張國

10月17日是南開大學95周年校慶,校慶前一天推送的那篇《南開永遠年青》引發了始料未及的關注。南開最年長教授楊敬年就是《南開永遠年青》中那位解釋校訓的學者,牛津博士,48年回國,跟那批學者一樣在各種政治運動中飄零,“人生從70歲開始”。
他,86歲告別大學講臺,90歲撰寫綜合性論著《人性談》,93歲翻譯《國富論》,100歲還在電話里給學生講哲學課。他70歲之后撰寫的論著超過150萬字。這位生于1908年的“00后”還喜歡看偶像劇,跟“80后”年輕人結成忘年交。有人稱,他的靈魂“沒有皺紋”。

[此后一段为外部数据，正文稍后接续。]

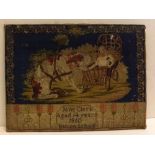 19th century wool work of a dog and a child in a buggy by Jane Clark, aged 14, dated 1860, 16 1/2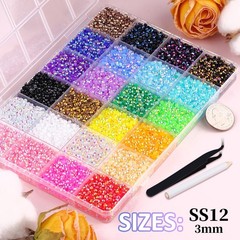 34000Pcs Multicolor 3mm Resin Rhinestones Bedazzling Kit with Glue Set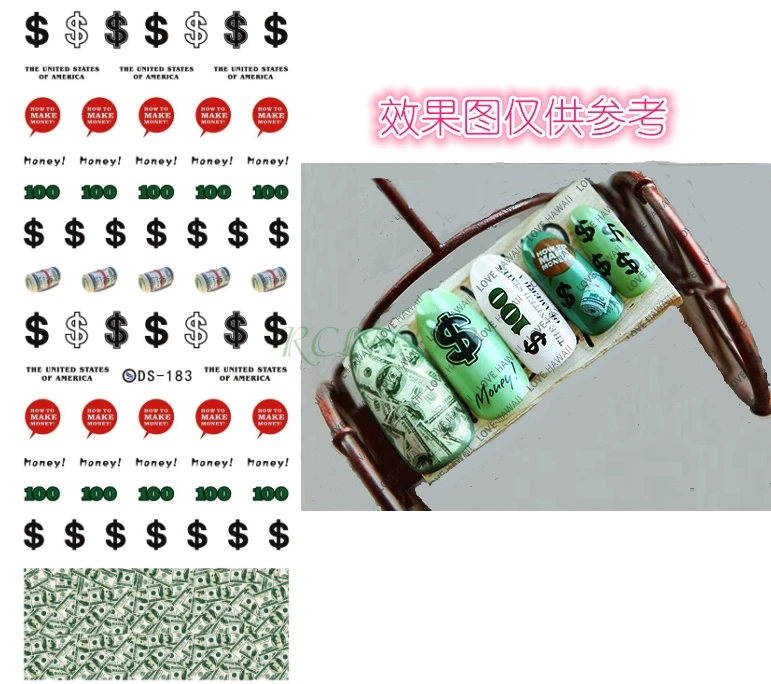 Nail sticker nails art decorations sliders adhesive design Money dollar note water Transfer decals manicure lacquer accessoires
Nail sticker nails art decorations sliders adhesive design Money dollar note water Transfer decals manicure lacquer accessoires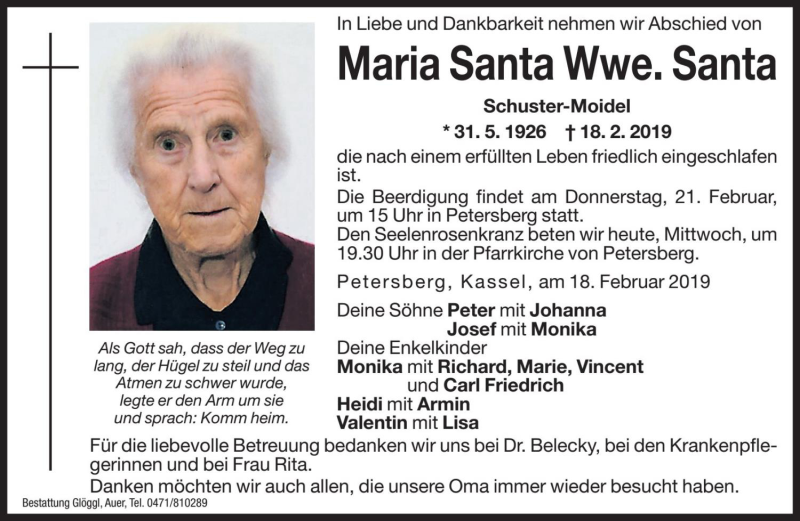  Traueranzeige für Maria Santa vom 20.02.2019 aus Dolomiten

現年106歲的楊敬年,就是一個生命的奇跡。他說:“我的年齡是100多歲,但在旁人看來我的生理年齡只有70歲,而我的精神年齡卻只有30歲。”
生命從百歲開始
經濟學家楊敬年精確地規劃著時間。他在每天凌晨3點投入工作,工作時間是8個小時。雖然走路遲緩,但他身上像揣著一只發條緊繃的鐘表。

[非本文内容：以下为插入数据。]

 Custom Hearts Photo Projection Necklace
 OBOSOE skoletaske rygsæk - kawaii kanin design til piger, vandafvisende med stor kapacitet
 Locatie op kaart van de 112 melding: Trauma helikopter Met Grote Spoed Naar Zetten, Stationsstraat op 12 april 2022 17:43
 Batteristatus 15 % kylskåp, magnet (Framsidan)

眼下他計劃修訂一部著作,腹稿早已打好。他能隨口講出需要新添的篇章,這使他顯得不像實際年齡那樣年長。
他至今仍過著年輕人的生活。他搶著接聽家里的電話,能迅速報出幾個熟人的手機號碼。如果電燈沒有關上,他寧可自己動手也不會去指揮晚輩。總能令訪客驚奇的是,多數時候為他們打開家門的是他本人。他還自己洗澡,生活“完全自理”。
談話時,他思維敏捷,語速飛快。他謝絕欣賞有關老年的電視欄目。“我覺得同我沒有關系”,他說。

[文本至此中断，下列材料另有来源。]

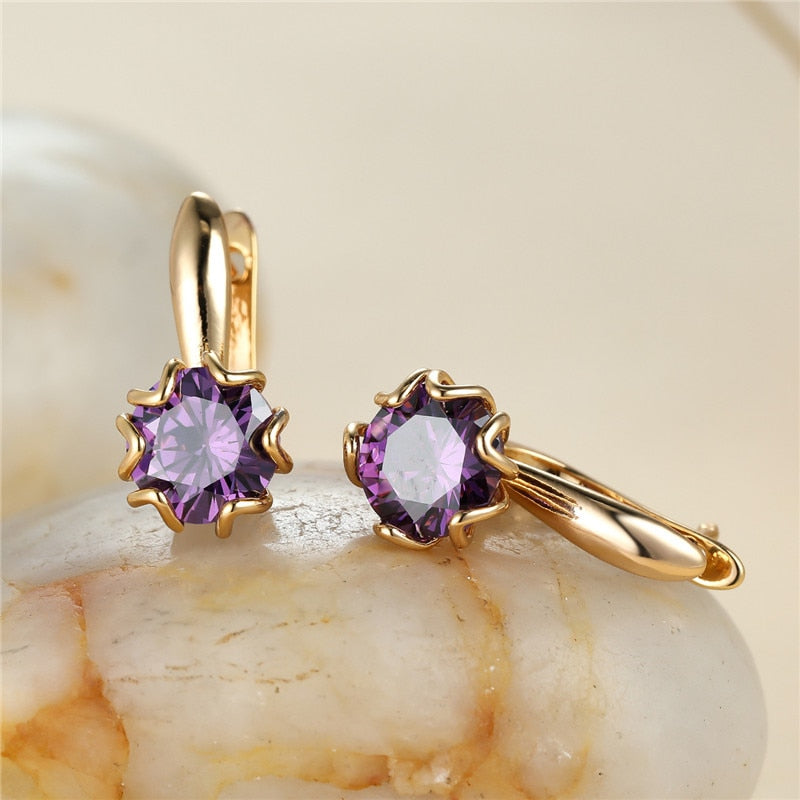 Cute Female Round Stone Hoop Earrings Rainbow Crystal Multicolor Zircon Earrings Boho Rose Gold Color Wedding Earrings For Women - Charlie Dolly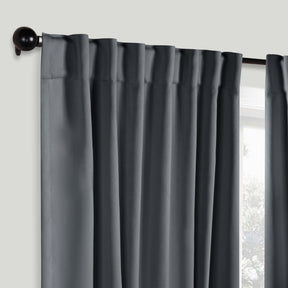 Classic Modern Rod Pocket Solid Blackout Curtain Set - Grey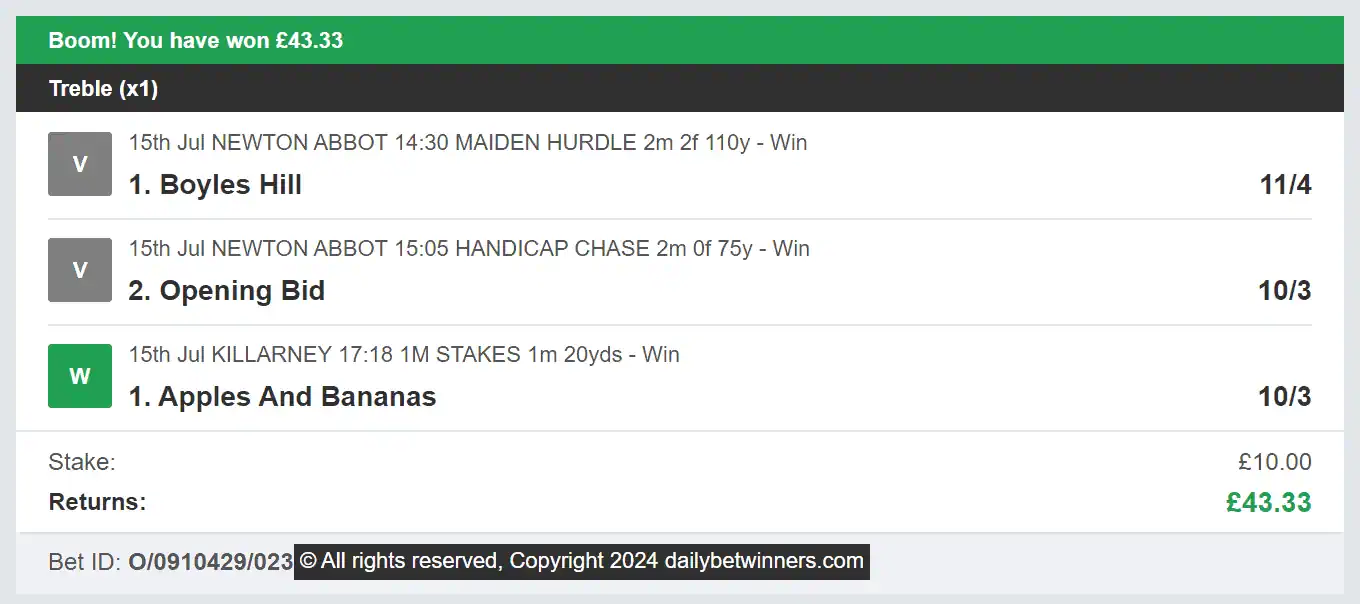 Daily Bet Winners - Winner - Multi - 2024-07-15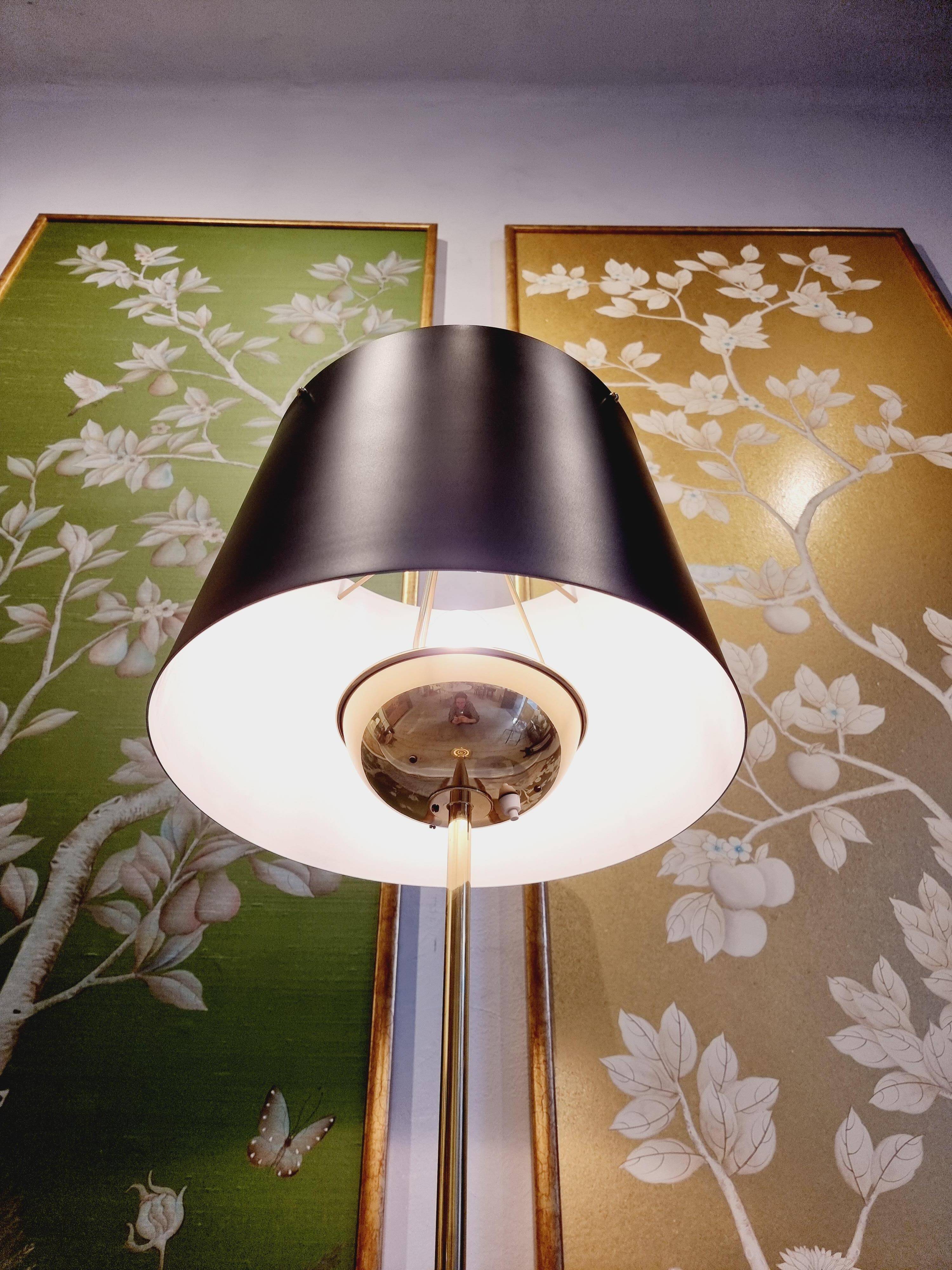 Josef Frank, floor lamp model 2564, for Svenskt Tenn, Sweden, 1950s. Beautiful patina.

楊敬年是在中國的大學里第一個開出“發展經濟學”課程的老師。可如今,即使在他任職64年的南開大學,知道這個名字的學生也并不多。他已極少露面,除了每個月去一次理發店。
他在86歲那年正式告別講臺。不過最近幾年才結束授課——那是多年前的一個經濟學研究生,每周在固定的時間打來越洋電話,聽他講一個鐘頭的馮友蘭的哲學。
百歲之年,楊敬年出版了27萬字的自傳。學生們送他一塊匾額:“生命從百歲開始。”
他晚年的得意之作不止于此。93歲時,他翻譯的亞當·斯密《國富論》出版。十多年間,這個譯本重印了十幾次,發行逾10萬冊,成為罕見的暢銷書。
讓人更吃驚的是,他每天工作8小時,用11個月就完成了74萬字的書稿,此后又陸續補充了6萬字的索引,字字句句都是手書。
他這樣爭分奪秒,是要把失去的時間搶回來。1957年他被錯劃為“右派分子”,等到1979年獲得平反,他已71歲。
輾轉人生路
1949年前夕,楊敬年從英國牛津大學獲得博士學位,回到南開創辦財政系。
他很快遇上了“暴風驟雨式的政治運動”,牛津博士學位一錢不值,坐了經濟系資料室的冷板凳。這對當時的他來說,無疑是“晴天霹靂”。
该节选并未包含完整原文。